The young workers then show the audience that they have toiled and endured work, well beyond their years, and they reflect the effects of that age. Our young feet. . . are very weak;/ Few paces have [they] taken, yet are weary. Rather than appearing as young and carefree children, running and playing, these workers have used their young limbs beyond that capacity. They have been worked to the point of such exhaustion that they have lost their desire, their ability to be children. Their feet hurt as though they are adults returning home from work. All the more disturbing is the excessive fatigue the children feel, after having taken but a few paces. These few paces represent the small number of years the children have lived in comparison to the weariness they are now subjected to because of the grueling work.

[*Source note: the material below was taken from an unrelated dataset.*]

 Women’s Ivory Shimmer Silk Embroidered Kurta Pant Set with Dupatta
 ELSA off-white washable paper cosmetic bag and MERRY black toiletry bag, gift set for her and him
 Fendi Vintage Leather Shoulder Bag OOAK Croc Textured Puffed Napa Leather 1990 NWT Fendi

The children are portrayed by Browning as so exhausted by the efforts of their short lives that they are actually looking forward to their own deaths. This wish for a swift death, too, is dashed, as they know that our grave-rest is very far to seek. Browning uses this imagery of death to evoke a feeling of horror from her audience. It is unbelievable that children could even think of dying, much less hope to die. The shocking realization of children desiring their own death is followed, however, with the knowledge that the children still have a long time to work and suffer before they get to rest. Browning takes the common perception of the elderly who are close to death and transposes it onto the frame of small children. These children should be full of life, but instead they desire and even hope for their own deaths.
Browning paints an ironic picture of the children who are happy to receive death. While both appear/feel as though they are near death, the children ask the aged why they weep. The irony is that the children do not weep at the thought of death despite living incomplete lives, yet the adults who live much more complete lives are crying. This disturbing acceptance of their own death, by the children is foiled by the tears and upset displayed by those elderly adults who have lived fuller lives and now face their own death. Both the immaturity of the elderly people in their response to death, and their fortuitousness of their impending death is the perspective of the children, is highlighted by the children s reactions to and their desire for their own deaths. From the perspective of the children, the adults are lucky to be able to die, and the children are jealous of that.

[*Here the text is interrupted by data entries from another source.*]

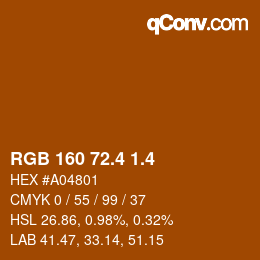 カラーコード: RGB 160 72.4 1.4 | qconv.com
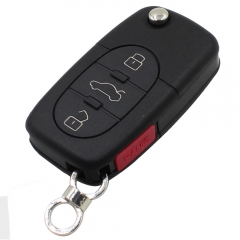 CS008008 4 Buttons Remote Flip Folding Key Shell Case Keyless Fob For Audi A4 A6...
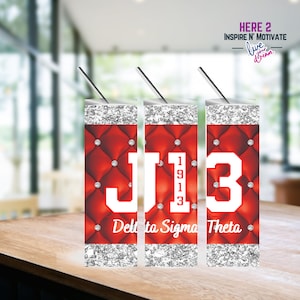 J13 Delta Sorority Inspired  Skinny Tumbler Sublimation PRINTABLE PNG, 20oz Skinny Tumbler, Digita download
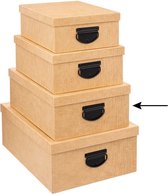 5Five Opbergdoos/box - goudgeel - L35 x B26 x H14 cm - Stevig karton - Industrialbox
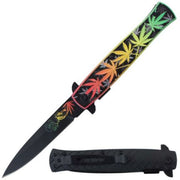 Snake Eye Tactical Stiletto Style Spring Assist Knife- Cannabis Leaf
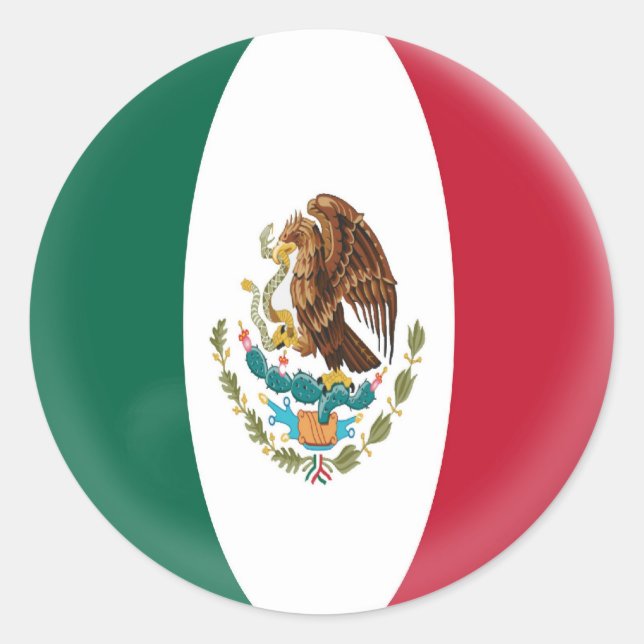 Pegatina Redonda Bandera mexicana de 20 pequeños pegatinas (Anverso)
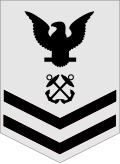 <p>One eagle above two chevrons</p>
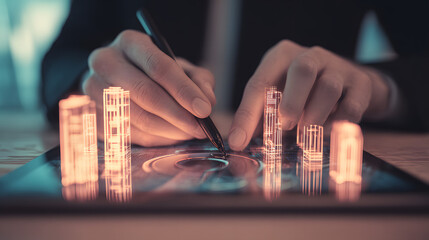 Azure and rose gold abstract reflects on smooth surface. Hands touch screen. Useful for tech branding, digital presentation, website header.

In the final three lines of the stanza, Browning paints one last cruel image for the audience through the voices of the children. The children evoke an image of young children standing in the frigid cold of reality without even proper shelter. The children stand outside, bewildering; confused about their lot in life, yet knowing nothing different. The final line drips with the same that the actual child workers felt, implicating that the graves are for the old. While the children are victims of the new industrialized economy, the elderly did not experience these cruelties of industrialization. The children resent that they don t even get a grave to die in. They are being used and abused and there is no end in sight. Even when they desire the unthinkable, to die, the unjust world, won t even let them die. They have reached a point of despair where their only option for relief from their suffering is their own death, and even their wishes for that are denied.
Browning continues The Cry of the Children, reiterating the same sentiments and feelings of work and pain for the abused child laborers. Her poem worked to bring acknowledgement and the light of truth to a subject often ignored in her time. Child labor issues continue to plague our society, but thanks to the work of authors like Browning, the incidences continue to decrease.